Mineralogical and chemical variations, Castellanos shale-hosted Zn-Pb-Ba deposit, northwestern Cuba

The shale-hosted Castellanos sedimentary exhalative Zn-Pb-Ba deposit of Jurassic age in northwestern Cuba consists of pyrite, sphalerite, and galena in a hydrothermal quartz-carbonate-barite matrix with very little clastic or shale matrix. The northeastern end of the Zn-Pb-Ba lens overlies a transgressive Cu stringer zone which is interpreted as the vent or feeder channel for the exhalative mineralization. Abundance patterns in the sulfide assemblage define layering within the deposit. In the southwestern part of the deposit sphalerite and galena increase and pyrite decreases stratigraphically upward within individual layers.
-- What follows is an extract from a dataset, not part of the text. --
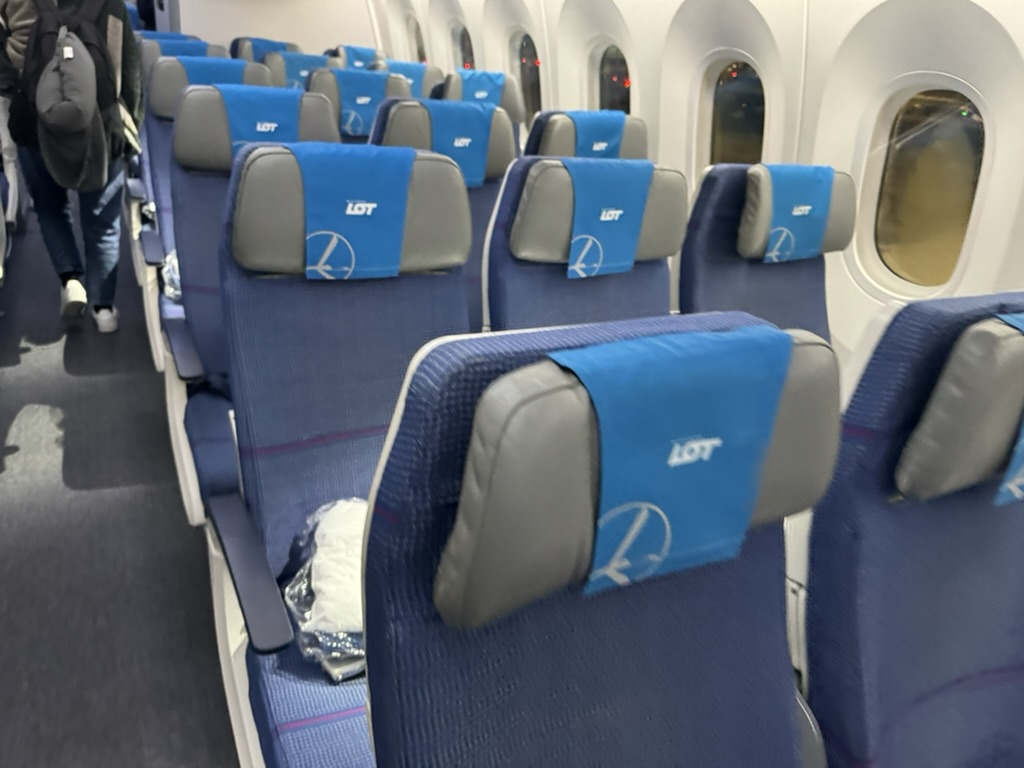 【LOTポーランド航空でワルシャワ-成田便搭乗記】②LO079(ワルシャワ-成田)体験談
To the northeast, near the vent, sphalerite and galena decrease upward, parallel to pyrite. In the area of the vent the basal carbonate is exclusively dolomite; however, calcite abundance increases rapidly upward. Remote from the vent, dolomite is the dominant carbonate from the base to the top of the deposit. Carbonate and barite are the main gangue minerals near the discharge site; quartz is the major gangue mineral in the southwestern section. These and other variations result from differences in a Ca (super 2+) , f OH2 , temperature, and Sigma S relative to sulfide-forming cations, especially Fe (super 2+) , at the discharge site and in the depositional basin some distance from the vent.